Geography
- Location: Parañaque, Metro Manila, Philippines
- Coordinates: 14°29′18.0″N 120°59′01.3″E﻿ / ﻿14.488333°N 120.983694°E

Organization
- Type: Non-profit
- Religious affiliation: Roman Catholicism

Services
- Beds: 100

History
- Constructed: 2000
- Opened: August 15, 2002

Links
- Lists: Hospitals in the Philippines

= Our Lady of Peace Hospital =

The Our Lady of Peace Hospital is a charitable hospital in Parañaque, Metro Manila, Philippines.

==History==
The Our Lady of Peace Hospital (OLPH) was a project of the Foundation of Our Lady of Peace Mission Inc. (FOLPMI) which was co-founded by Saint Paul of Chartres nun Eva Maamo and Jesuit priest James Reuter in 1984. The FOLPMI conceputalized the hospital project during the administration of President Corazon Aquino.

The FOLPMI garnered support to realize the project via a thirty-minute documentary about the foundation's activities narrated by Reuter. Maamo admitted being able to leverage her receiving the Ramon Magsaysay Award in 1997 for the hospital which she intends to serve the indigent population.
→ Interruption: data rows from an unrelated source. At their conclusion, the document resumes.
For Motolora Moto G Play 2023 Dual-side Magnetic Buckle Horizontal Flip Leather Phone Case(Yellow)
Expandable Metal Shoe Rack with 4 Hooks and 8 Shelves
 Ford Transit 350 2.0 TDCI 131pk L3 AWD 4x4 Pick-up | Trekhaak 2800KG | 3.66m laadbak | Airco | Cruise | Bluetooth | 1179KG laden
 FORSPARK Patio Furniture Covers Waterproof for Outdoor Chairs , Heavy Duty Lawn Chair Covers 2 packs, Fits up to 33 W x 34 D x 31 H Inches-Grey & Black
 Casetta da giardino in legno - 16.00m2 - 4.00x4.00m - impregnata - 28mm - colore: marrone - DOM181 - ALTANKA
President Fidel V. Ramos facilitated the turnover of government land for the OLPH in 1996. The Public Estates Authority leased the lot to the foundation. The construction of the OLPH was funded by donations from the government and private entities. President Joseph Estrada was present during the groundbreaking ceremony for the OLPH in 2000. A blessing ceremony and soft launch was held on March 26, 2002.

The OLPH was inaugurated on August 15, 2002 as a 100-bed capacity, four-storey hospital. The FOLPMI billed the facility as the "first purely charity hospital built by a non-government organization.

In 2008, the OLPH closed its former main gate facing the Manila–Cavite Expressway to comply with an order by the Public Estates Authority Tollway Corporation.